══ PROVIDED DATA ══

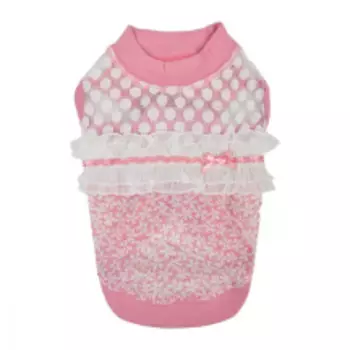 PINKAHOLIC Футболка для собак "Myra", розовая, M (Южная Корея)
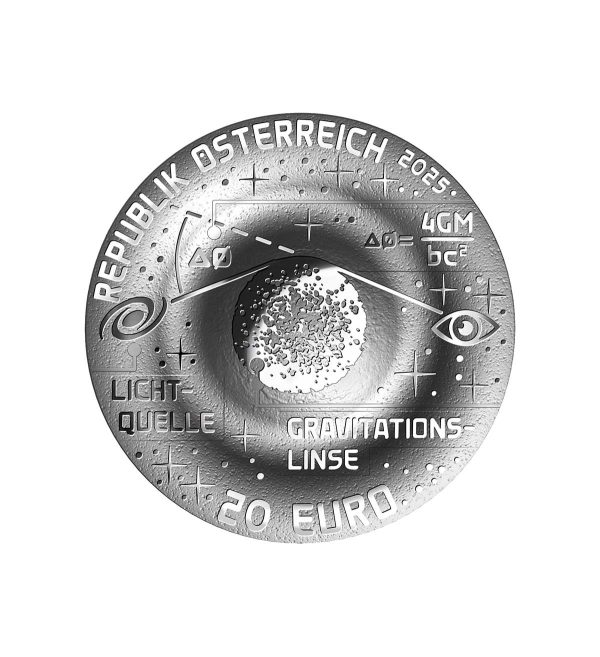 Moneda Anillo de Einstein Plata Policromada 22,42g 2025 — Belleza del universo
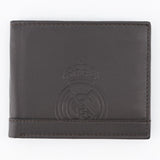 Portefeuille Horizontal Real Madrid Cuir Marron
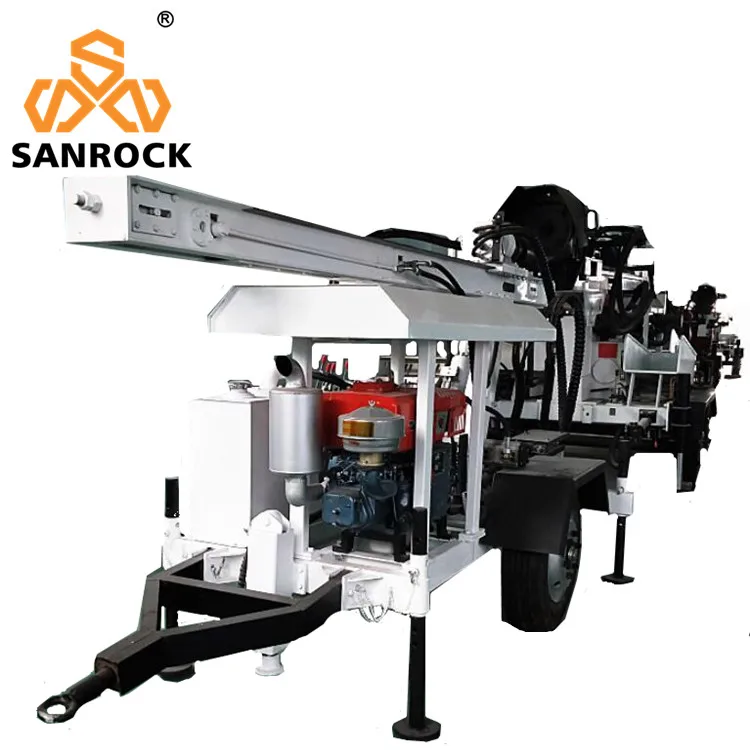 Portable Small Water Well Drilling Rig Machine Hydraulic Trailer Mounted Water Well Drilling Rig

═══

**TO DO**
What you print must be exactly the lines from the one containing "Moneda Anillo de" through the last line of the material, and no pictures.

**SOLUTION FOR THIS TASK**
 Moneda Anillo de Einstein Plata Policromada 22,42g 2025 — Belleza del universo
 Portefeuille Horizontal Real Madrid Cuir Marron
 Portable Small Water Well Drilling Rig Machine Hydraulic Trailer Mounted Water Well Drilling Rig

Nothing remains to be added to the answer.